● **WHAT THE TASK ASKS**
From the line containing "Green Budget Semi" through the end of the material below, output each line exactly as written, with pictures excluded.

● **SOURCE INFORMATION**
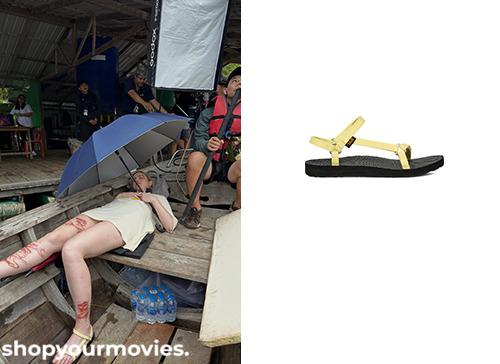 The Devil’s Mouth: Sara’s Pale Yellow Sandals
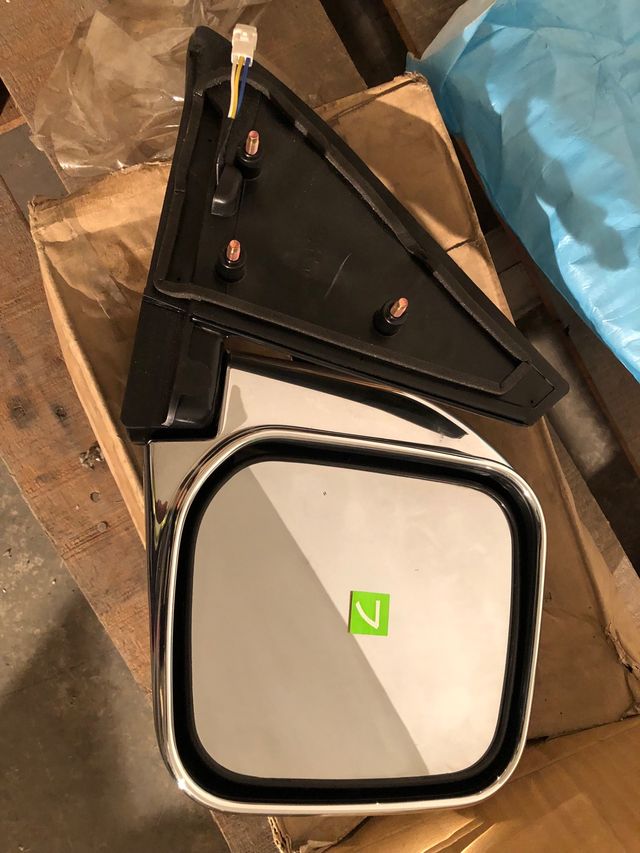 Retrovisor derecho Mitsubishi pajero montero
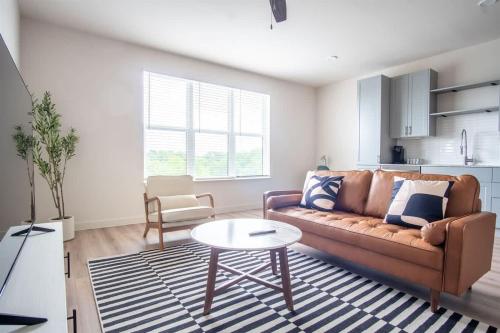 Kuchyň nebo kuchyňský kout v ubytování Comfortable 1BR Suite w Pool Parking Gym 08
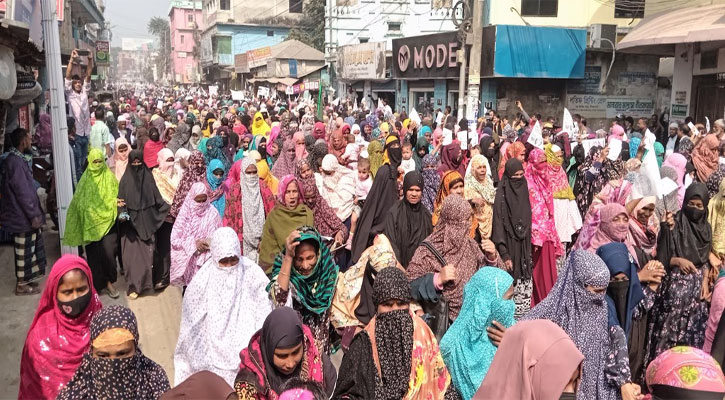 নীলফামারীতে স্মরণকালের সর্ববৃহৎ জামায়াতের মহিলা মিছিল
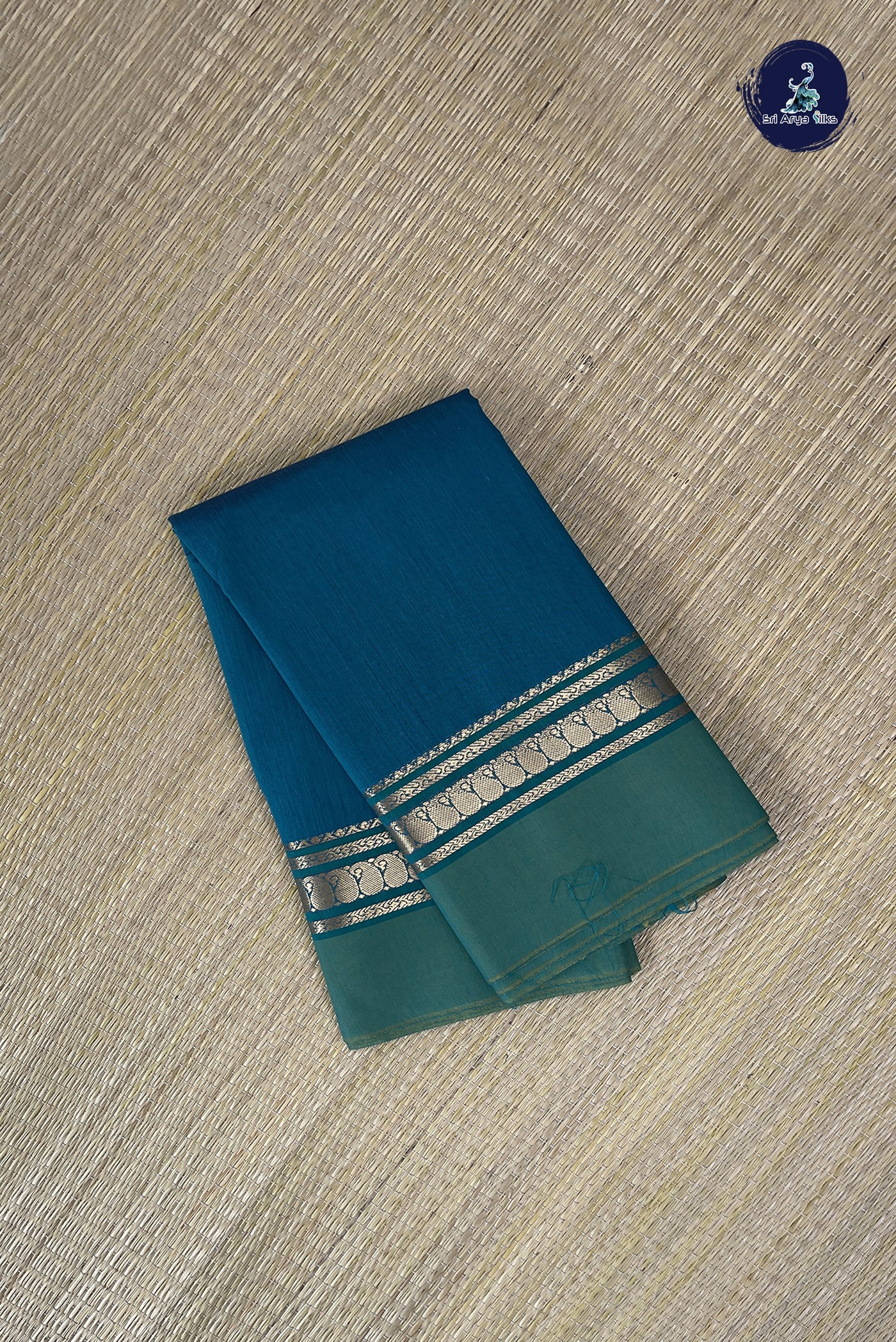 Green Budget Semi Silk Cotton Saree With Plain Pattern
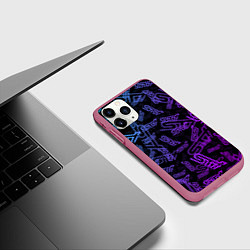 Чехол iPhone 11 Pro матовый STI NEON PATTERN, цвет: 3D-малиновый — фото 2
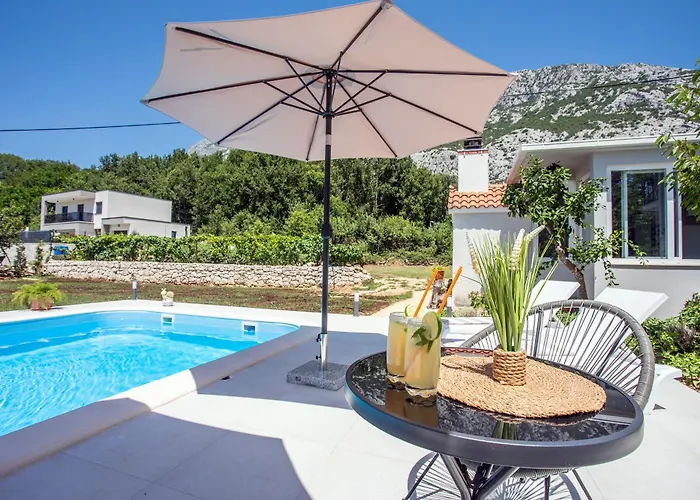 Roko Villa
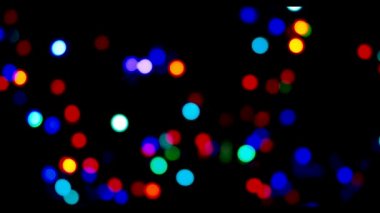 Siyah ekranda rengarenk parlayan ışıklar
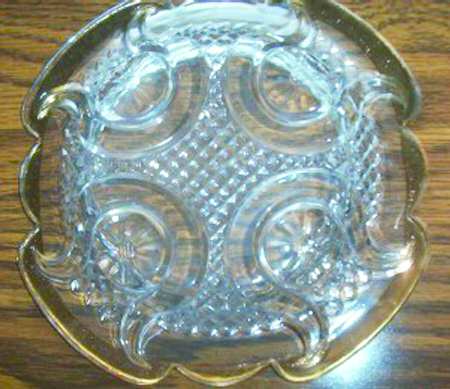 Horseshoe Daisy-Gold Round Butter Dish No Lid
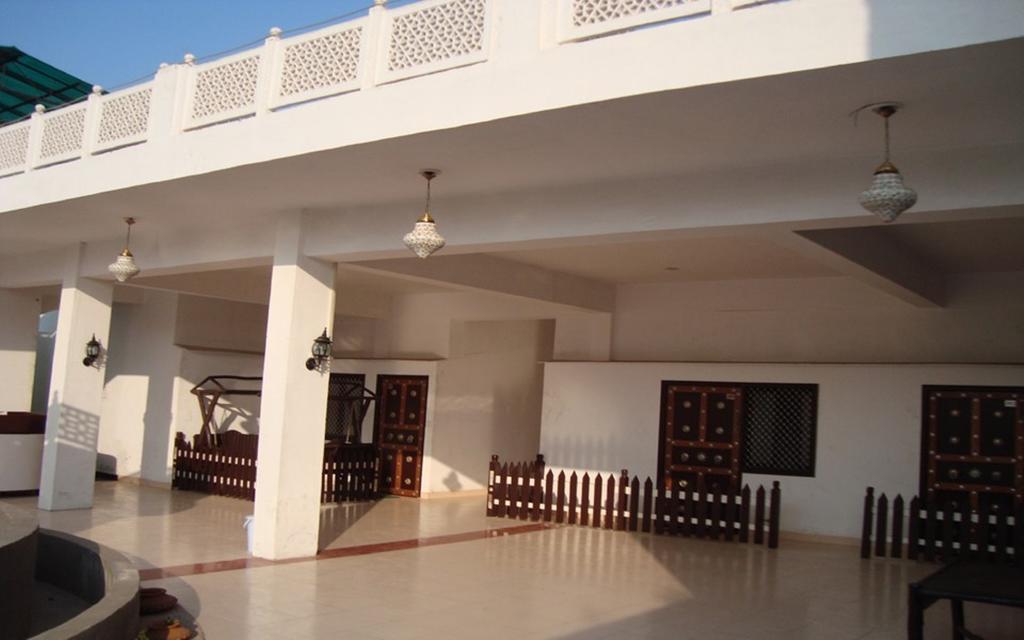 Hotel Dawat Palace آغْرا المظهر الخارجي الصورة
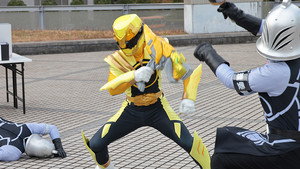 No. 1 Sentai Gozyuger: 1×3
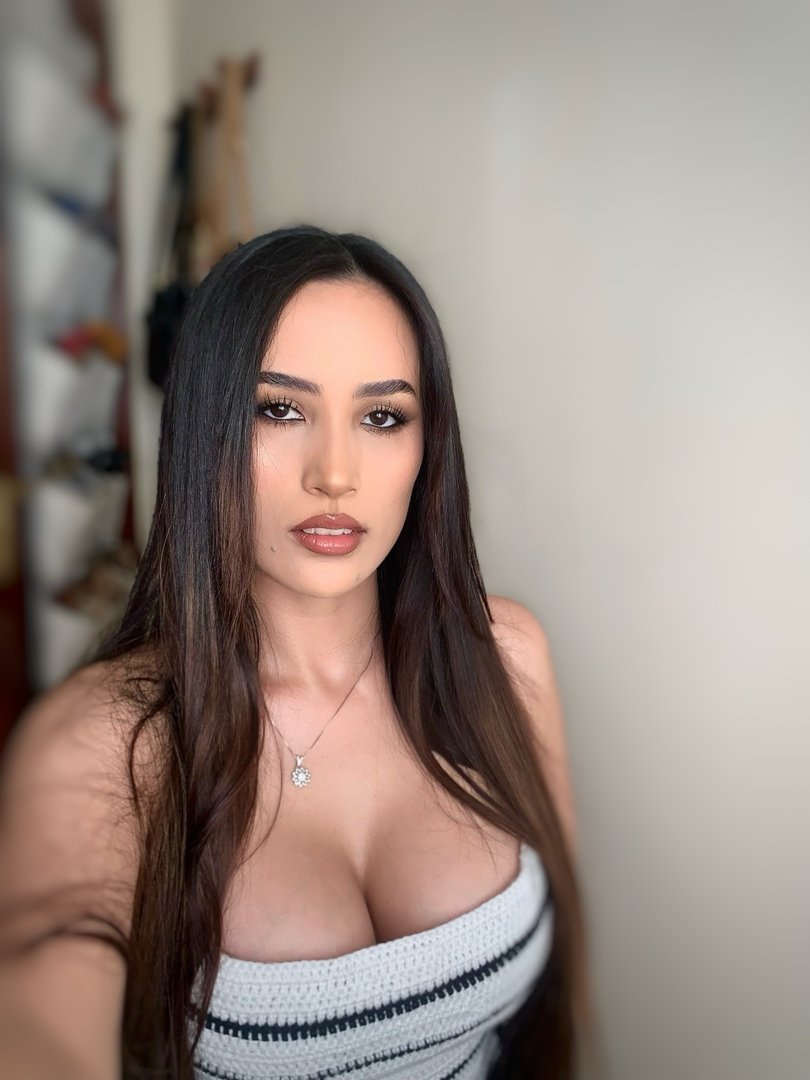 Publicación de Paola Gracia en HolliModels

● **EXERCISE ANSWER**
 Green Budget Semi Silk Cotton Saree With Plain Pattern
 Чехол iPhone 11 Pro матовый STI NEON PATTERN, цвет: 3D-малиновый — фото 2
 Roko Villa
 Siyah ekranda rengarenk parlayan ışıklar
 Horseshoe Daisy-Gold Round Butter Dish No Lid
 Hotel Dawat Palace آغْرا المظهر الخارجي الصورة
 No. 1 Sentai Gozyuger: 1×3
 Publicación de Paola Gracia en HolliModels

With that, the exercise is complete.